* _Work instructions_
A word-for-word copy of the listing, free of images, is the expected answer.

::::::::::

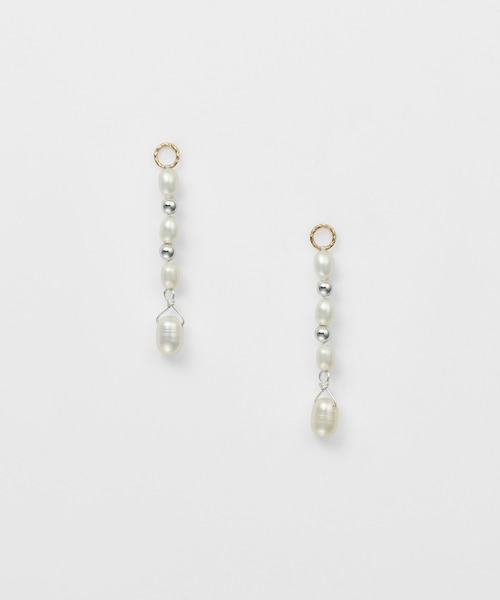 agete チャーム 「WEB限定」K10／シルバーパールピアスチャーム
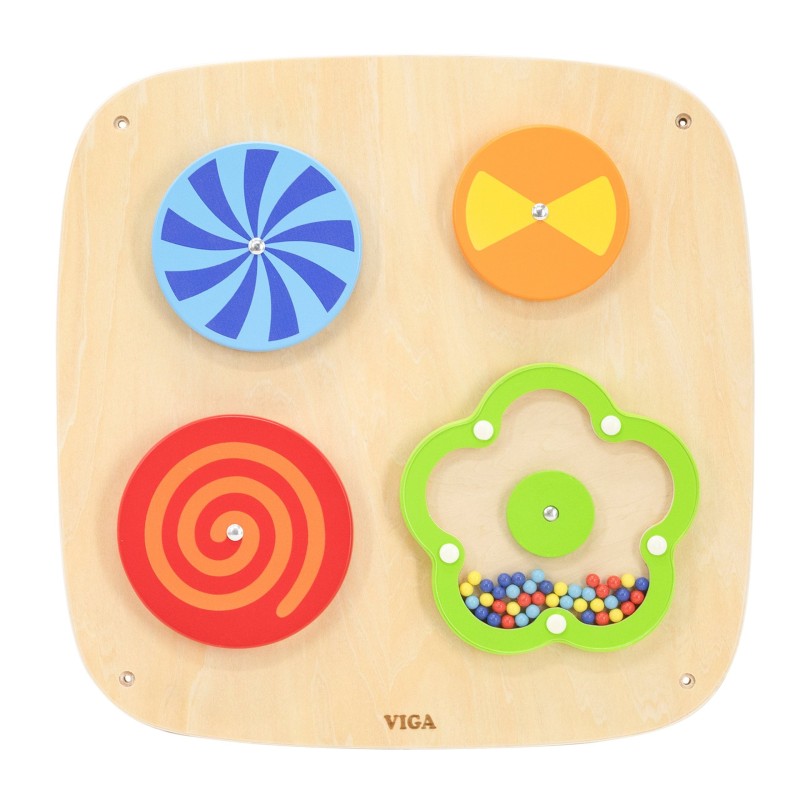 Viga Drevený edukačný panel Rotujúce vzory – Optické ilúzie
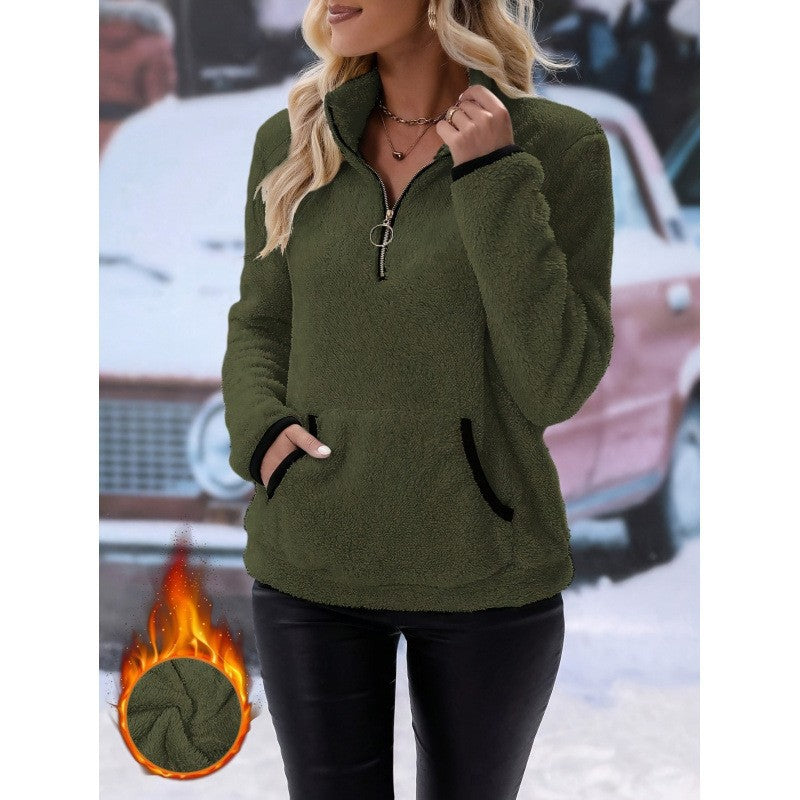 Women's Cozy Sherpa Quarter Zip Fleece Pullover Pocket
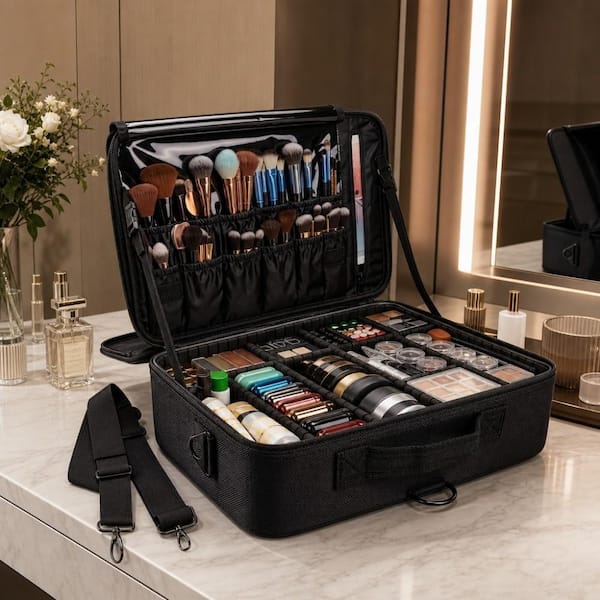 Wudkey Adjustable Travel Makeup Case, Waterproof Oxford Fabric Cosmetic Organizer with Dividers, Portable Shoulder Strap Bag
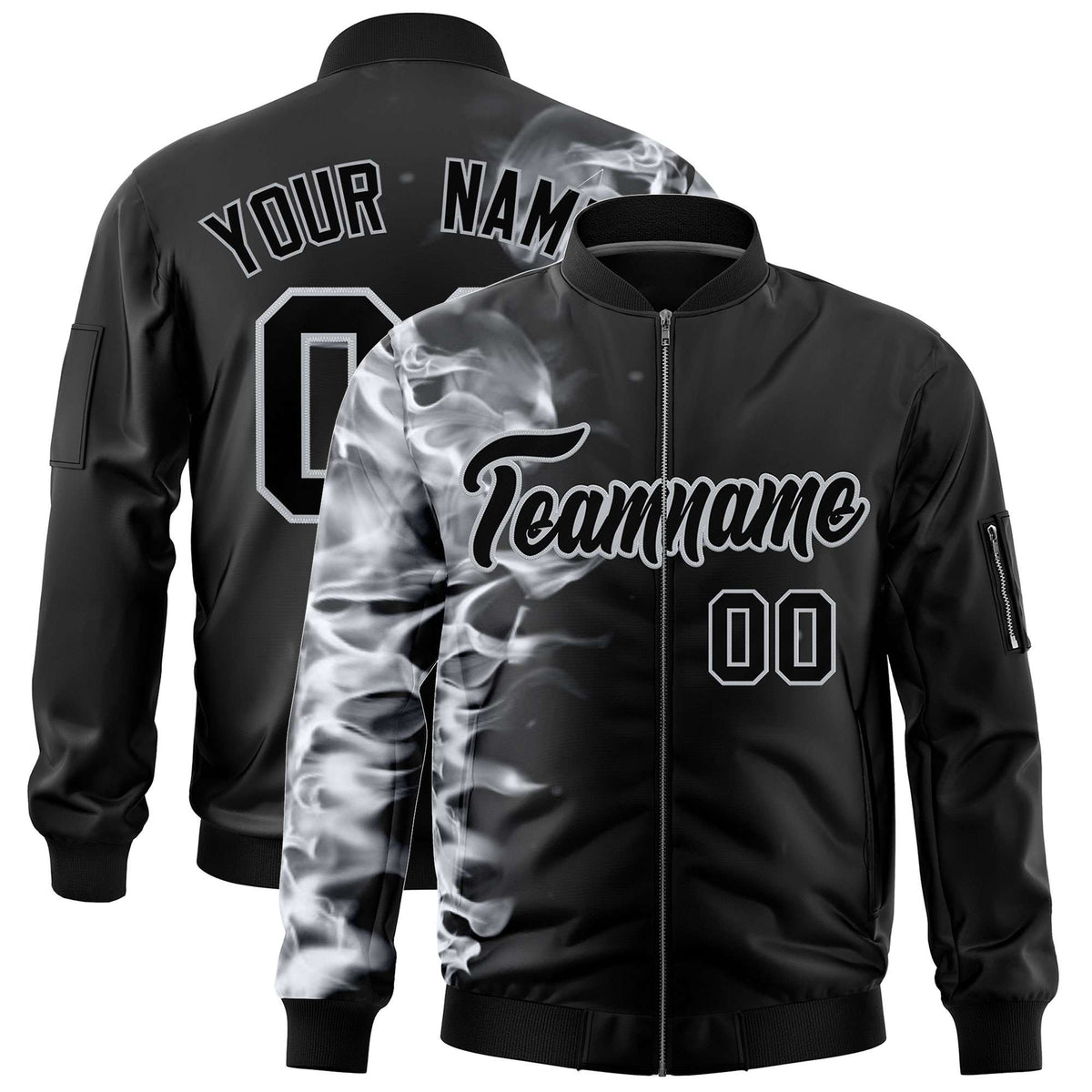 Custom Black 3D Flame Varsity Full-Zip Letterman Bomber Jacket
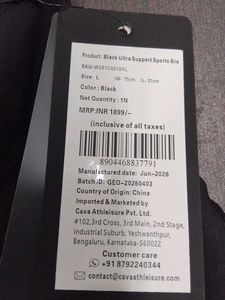 Black Sports Bra with Tag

::::::::::

* _Solution_
 agete チャーム 「WEB限定」K10／シルバーパールピアスチャーム
 Viga Drevený edukačný panel Rotujúce vzory – Optické ilúzie
 Women's Cozy Sherpa Quarter Zip Fleece Pullover Pocket
 Wudkey Adjustable Travel Makeup Case, Waterproof Oxford Fabric Cosmetic Organizer with Dividers, Portable Shoulder Strap Bag
 Custom Black 3D Flame Varsity Full-Zip Letterman Bomber Jacket
 Black Sports Bra with Tag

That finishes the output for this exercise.